Nigel Ellis Says SQL Server Data Services Will Use the Entity Data Model For Schemas
The SQL Server Data Services (SSDS) team promotes free-form (schemaless) containers and entities as one of SSDS’s primary features.
However, there have been many brief mentions of schemas being included in future SSDS versions (sprints). For example, the SSDS team’s Sprint 2 goes live post of May 26, 2008 includes the following bulletpoint for key features added in Sprint 2:
b. Multiple B-Trees - this will allow us to deploy schemas as we move toward supporting schemas in SSDS
(The SSDS team’s Soumitra Sengupta mentioned in his Philosophy behind the design of SSDS and some personal thoughts post of June 27, 2008 that “Sprint 3 [is] winding down.”)
Channel9’s Istvan Cseri and Nigel Ellis: SQL Server Data Services Architecture interview by SSDS evangelist Ryan Dunn posted April 7, 2008 contains quite a bit of useful (and previously unpublished) information about SSDS architecture.
Following is a transcript I made of Nigel Ellis’s remarks about SSDS’s schemas:
00:29.08: Over the past three or four years, there's been a big investment in the SQL [Server] space in something called the Entity Data Model, where we've got the regular relational model and and we have a high-level model built on top of that. We think of modeling customers, purchase orders, contacts and things like that. There's a whole set of tooling and schema design work that's going on [in] the SQL Server division to make those things approachable and easy to use. ...
For those of you who know the ADO.NET Data Services Framework, that is essentially using the EDM Data Model. You take something that's expressible in EDM terms and make it accessible to open Internet protocols.
00:30:00 So as we evolve our service around the notion of what we call flexible entities, those are the same entities that are in EDM. EDM today doesn't really speak very much to flexibility and open content—Property Bags, if you will—but we’ve been working with the EDM architects as to how that can be extended and accommodated with the same set of with the same set of schema design tools and protocols. And, as I mentioned, the schemas in the SSDS service heads are essentially going to be EDM schemas, EDM types, and EDM relationships. [Emphasis added.]

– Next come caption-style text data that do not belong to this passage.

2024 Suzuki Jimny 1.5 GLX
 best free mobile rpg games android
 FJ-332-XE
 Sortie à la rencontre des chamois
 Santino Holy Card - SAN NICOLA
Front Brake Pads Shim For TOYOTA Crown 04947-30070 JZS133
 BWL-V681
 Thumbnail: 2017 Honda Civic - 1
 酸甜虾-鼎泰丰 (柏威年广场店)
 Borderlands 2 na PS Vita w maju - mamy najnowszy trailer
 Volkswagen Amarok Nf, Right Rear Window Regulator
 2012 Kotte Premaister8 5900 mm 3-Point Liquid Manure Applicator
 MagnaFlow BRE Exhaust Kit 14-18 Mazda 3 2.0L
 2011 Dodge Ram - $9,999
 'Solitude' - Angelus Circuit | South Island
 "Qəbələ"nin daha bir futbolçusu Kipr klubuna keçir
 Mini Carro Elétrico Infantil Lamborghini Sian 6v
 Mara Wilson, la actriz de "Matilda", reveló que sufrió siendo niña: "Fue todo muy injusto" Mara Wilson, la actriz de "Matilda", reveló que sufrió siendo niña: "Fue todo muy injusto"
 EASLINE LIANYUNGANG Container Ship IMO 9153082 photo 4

That statement leads me to believe that SSDS will support complete object graphs in the (hopefully near) future. It also reinforces my prediction that Entity Framework and EDM will dominate Microsoft’s data platform strategy for the next several years.
Related posts:
- SQL Server Data Services Needs an Open Development Process Similar to that for ADO.NET Data Services and Entity Framework (6/27/2008)
- Is the ADO.NET Team Abandoning LINQ to SQL? (5/23/2008)
2 comments:
I believe Nigel also mentioned this in answer to a question during his MIX 08 talk in Vegas. I would listen to Nigel and what he says. After all he runs the Dev team :-))
@Anon:
Thanks for the confirmation. I didn't know he was in charge of the dev team.